Thérèse Bacha Prascovie Fould (1851-1911), née Ephrussi ran a thriving literary salon which Proust frequented from around the turn of the century. A well-known figure, she had sat for Renoir in 1880 and the resulting portrait was sold at auction last year for just under £500,000. Proust corresponded regularly with her, and the library at Royaumont has a copy of the author's first published work, the 1904 translation of Ruskin's The Bible of Amiens, which he inscribed to "Madame Léon Fould. Respectueux hommage d'un ami".
Thérèse's marriage to Léon Fould (1839–1924) was one of several unions between well known banking dynasties of the period. Léon had lived through the Commune in the revolutionary Paris of 1870, and the couple had three children including Eugene, who became a close friend of Proust, and Robert, who died in October 1905, a month after the author's own mother, at the tender age of 22. This period of shared grief tightened the bonds between them, and either or both of the deaths would account for the use of mourning paper.
Thérèse was the half-sister of Charles Ephrussi, who was a well-known art historian, collector and editor (1849–1905), and one of the inspirations for the character of Swann. Like Thérèse, he was painted by Renoir, appearing as the man in the top hat talking to Proust in Le déjeuner des canotiers.

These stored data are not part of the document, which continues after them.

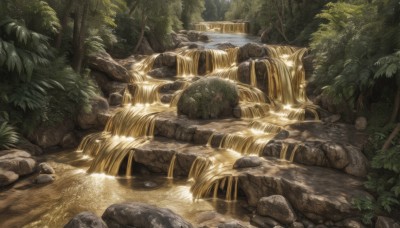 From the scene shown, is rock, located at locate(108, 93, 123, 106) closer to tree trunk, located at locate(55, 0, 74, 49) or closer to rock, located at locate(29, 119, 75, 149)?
rock, located at locate(29, 119, 75, 149)

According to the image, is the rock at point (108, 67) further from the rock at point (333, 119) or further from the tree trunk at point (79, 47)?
the rock at point (333, 119)

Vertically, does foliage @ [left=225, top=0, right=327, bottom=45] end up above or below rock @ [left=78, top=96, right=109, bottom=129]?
above

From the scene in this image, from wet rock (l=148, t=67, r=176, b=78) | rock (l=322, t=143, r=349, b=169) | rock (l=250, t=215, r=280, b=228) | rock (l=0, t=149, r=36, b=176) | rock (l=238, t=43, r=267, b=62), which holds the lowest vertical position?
rock (l=250, t=215, r=280, b=228)

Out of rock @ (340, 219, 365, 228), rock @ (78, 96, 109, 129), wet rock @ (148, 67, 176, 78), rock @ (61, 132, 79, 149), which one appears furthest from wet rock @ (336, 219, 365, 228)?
wet rock @ (148, 67, 176, 78)

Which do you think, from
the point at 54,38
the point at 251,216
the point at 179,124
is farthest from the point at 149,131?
the point at 54,38

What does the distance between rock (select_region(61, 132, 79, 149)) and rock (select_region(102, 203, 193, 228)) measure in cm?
655

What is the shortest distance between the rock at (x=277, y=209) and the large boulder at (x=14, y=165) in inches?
287

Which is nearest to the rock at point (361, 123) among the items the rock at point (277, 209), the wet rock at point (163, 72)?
the rock at point (277, 209)

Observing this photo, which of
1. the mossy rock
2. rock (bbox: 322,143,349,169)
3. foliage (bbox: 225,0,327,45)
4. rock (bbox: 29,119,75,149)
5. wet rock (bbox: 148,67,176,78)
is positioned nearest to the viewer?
rock (bbox: 322,143,349,169)

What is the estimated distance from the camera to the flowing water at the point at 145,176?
8.83 meters

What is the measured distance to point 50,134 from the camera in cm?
1282

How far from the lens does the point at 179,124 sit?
12.4 metres

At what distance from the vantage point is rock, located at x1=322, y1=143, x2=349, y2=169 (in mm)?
9375

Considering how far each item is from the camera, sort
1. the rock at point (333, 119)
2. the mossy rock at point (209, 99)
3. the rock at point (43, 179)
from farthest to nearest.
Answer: the mossy rock at point (209, 99) → the rock at point (333, 119) → the rock at point (43, 179) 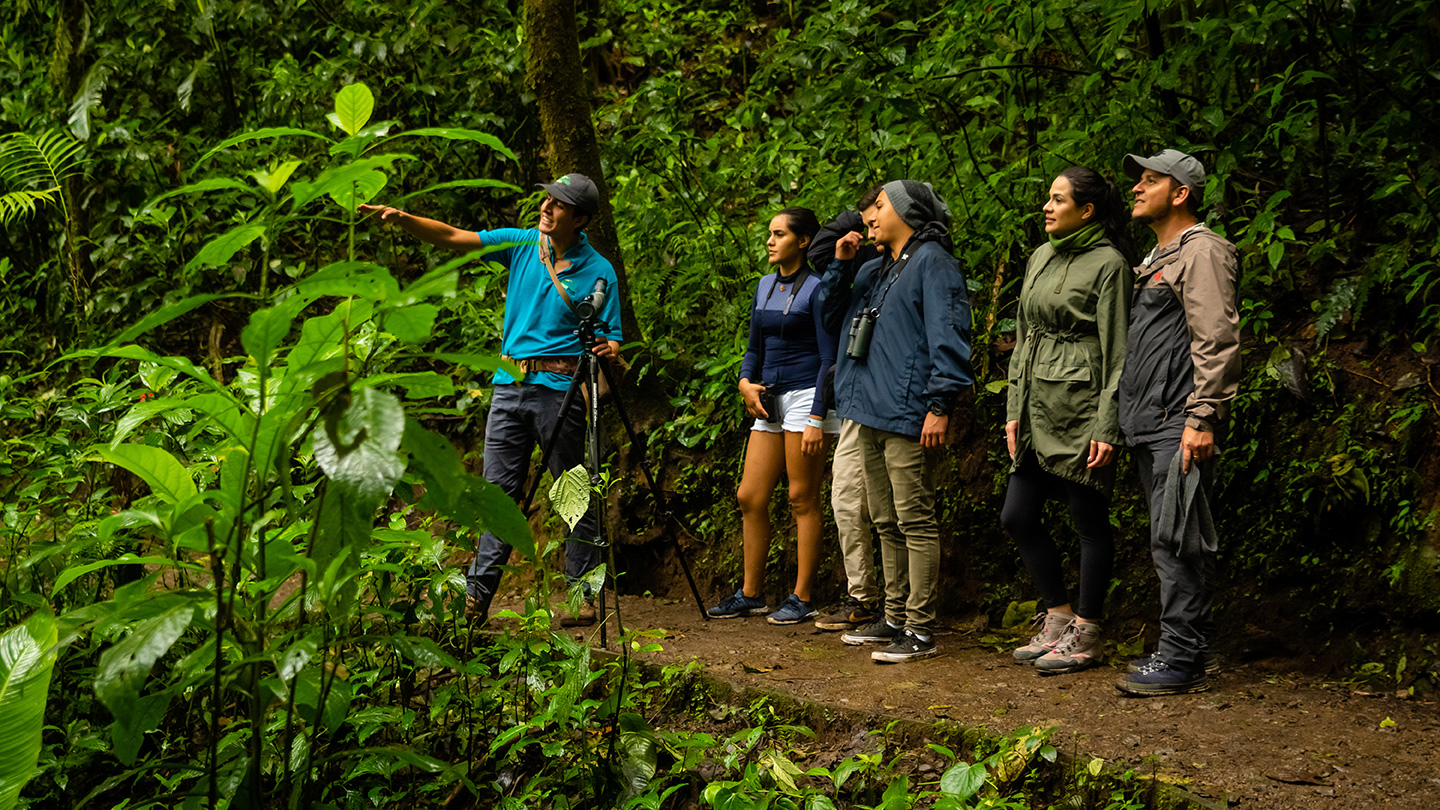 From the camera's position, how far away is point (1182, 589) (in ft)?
11.6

Provenance: Thérèse Fould (1851-1911), née Ephrussi; her son Eugène Fould (1876–1929) and his wife Mitzi Springer; their daughter Therese Fould-Springer (1908-1953); and thence by descent to the author David Pryce-Jones. Eugène and Mitzi Fould-Springer presented 20 of their Proust letters to the Bibliotheque Nationale, but retained the present series, which remain unpublished in Philip Kolb, Correspondance de Marcel Proust.